Neo wakes up and finds himself at Mobil Ave, a place neither inside or outside the Matrix. He is in a crossover place. A place where the two worlds meet. If you’re going to take anything from one universe to the other than you have to do it through this place. He meets a family who explain this to him. Neo is astonished to discover that, although these people are just computer programmes they are acting out of love. Not only that, but they recognise that he is too.

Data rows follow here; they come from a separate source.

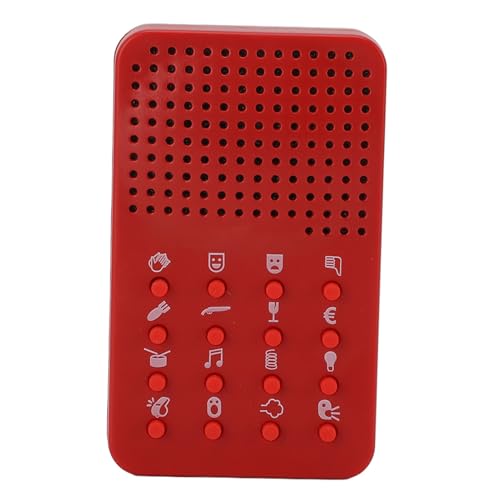 JTLB Lustiger Sound Maker mit 16 Effekten, Tragbare Elektronische Tasten-Soundmaschine für Partyspielzeug und Festliches Ambiente von JTLB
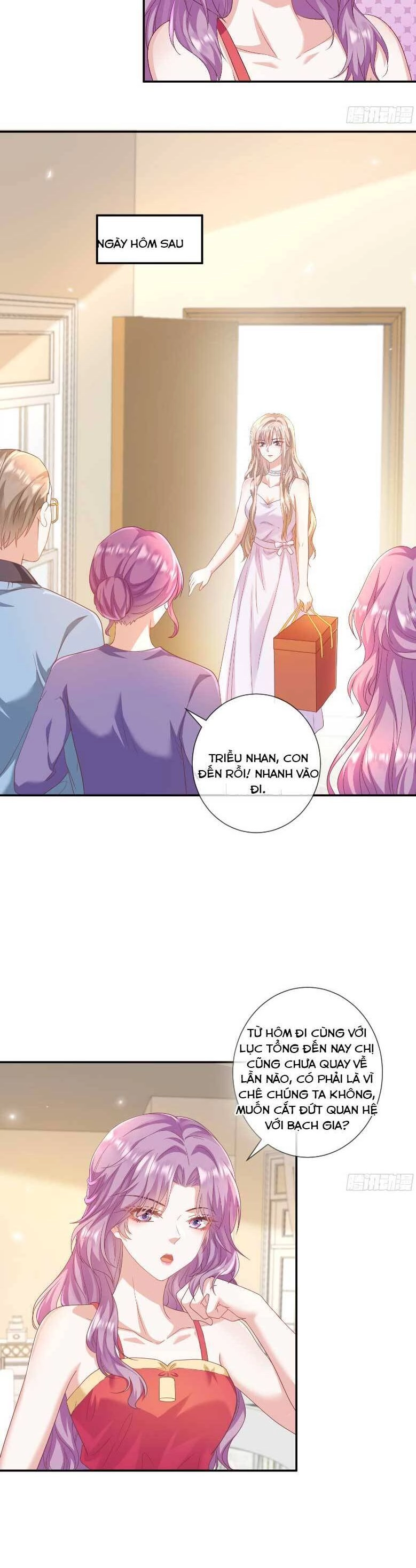 Thiên Kim Giàu Có Phát Điên Sau Khi Tái Sinh Chapter 35 - 10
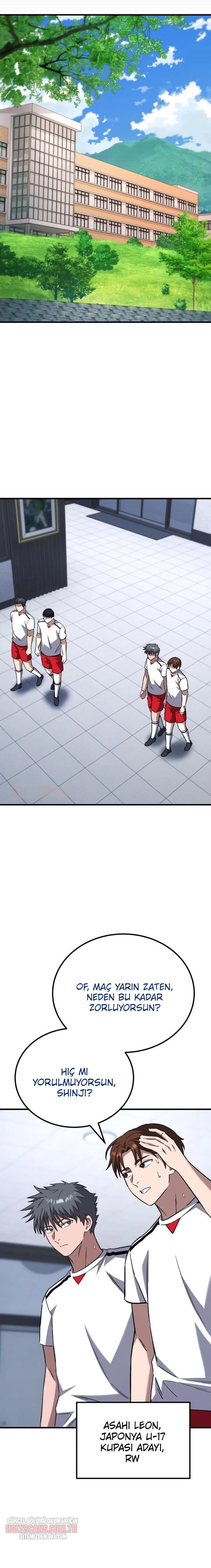 Dahi Orta Saha Oyuncusunun Pasları Özel Bölüm Bölüm 20 Sayfa 8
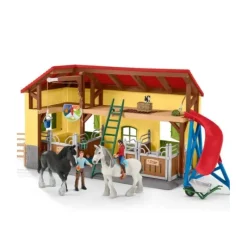 SCHLEICH Écurie pour chevaux -< Idées Cadeaux|Horse Club Schleich
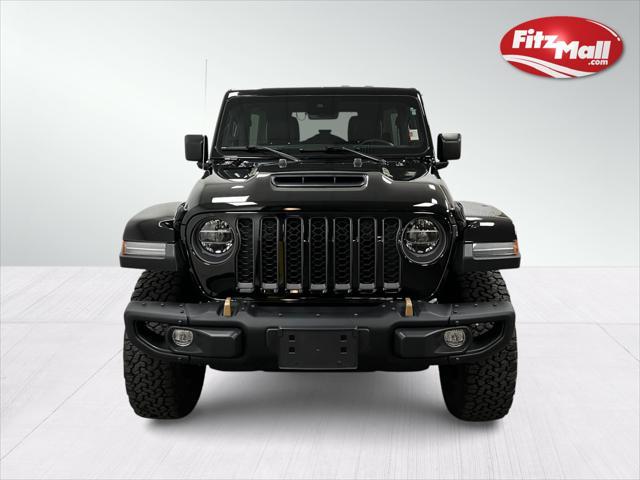 used 2021 Jeep Wrangler Unlimited car, priced at $69,994
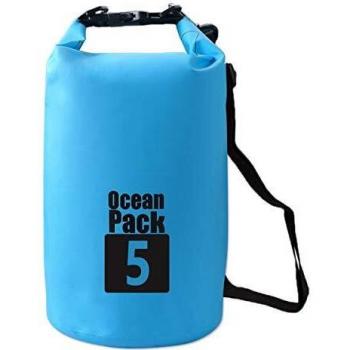 HIDARLING Rafting Dry Bag, Waterproof, Adjustable Strap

For thirty-three years Jesus inhabited a strange world like this one at Mobil Ave. He was very much human, very much of this earth. But he knew of another world. A place much larger, much freer than earth. He stood in the middle and brought the two together. It must have been a lonely place for him. He was seriously misunderstood. He just didn’t fit in. He told stories people often derided or dismissed. He performed miracles as a sign, but people overlooked the signs and just put in a claim for a lot more of the miracles.
He had friends, but they often misunderstood him and in the end, rejected him. When he asked them on one occasion if they were going to leave him, along with the thousands of others who had turned away, they didn’t say: “No, of course not, we’re your best mates.” They said, “We can’t think of anywhere else to go…” A kind of backhanded word of encouragement, I suppose.
On the mountain of transfiguration they got a glimpse of the real Jesus, this man caught between heaven and earth. On palm Sunday they saw it again. For a short time the people on earth recognised the man from heaven. Oddly enough the clearest glimpse they got lasted for six hours and it was the time he impersonated a criminal. On that occasion it was bloody and brutal and only two people spotted what he was up to – a Roman solider, hated by the Jews, and another criminal who was dying next to this man from another world.
He chose this mission because of love. Or perhaps he didn’t choose – perhaps love has no choice. God is desperate to communicate with us. Desperate to nurture relationship with us. And if that meant putting himself in a lonely place, straddling two worlds in order to bring peace, then he was prepared to do it.
Jesus’s life was full of encounters like the one Neo has here. He met strangers all the time, and he always listened to them, respected them, and showed them love. He often engaged with women and children, unusual in his day. He even bestowed upon children the honour of making them the best example he could find of kingdom people. As a bloke I’m not that inspired by the idea that I have to become childish to enter the kingdom, but maybe Jesus was speaking of their outspoken honesty, their thirst for knowledge, their uninhibited actions. Nothing seems dangerous to little children, they’re not so bothered by peer pressure, life’s an adventure and they often just say it like it is.
1. Do you ever feel out of place, caught between two worlds?
2. Do you ever feel misunderstood by people close to you?
3. How do you treat strangers when you meet them?
4. Do you ever feel robbed of choice because of love? That you must do something because you care?
5. Did the clip make you think about anything else?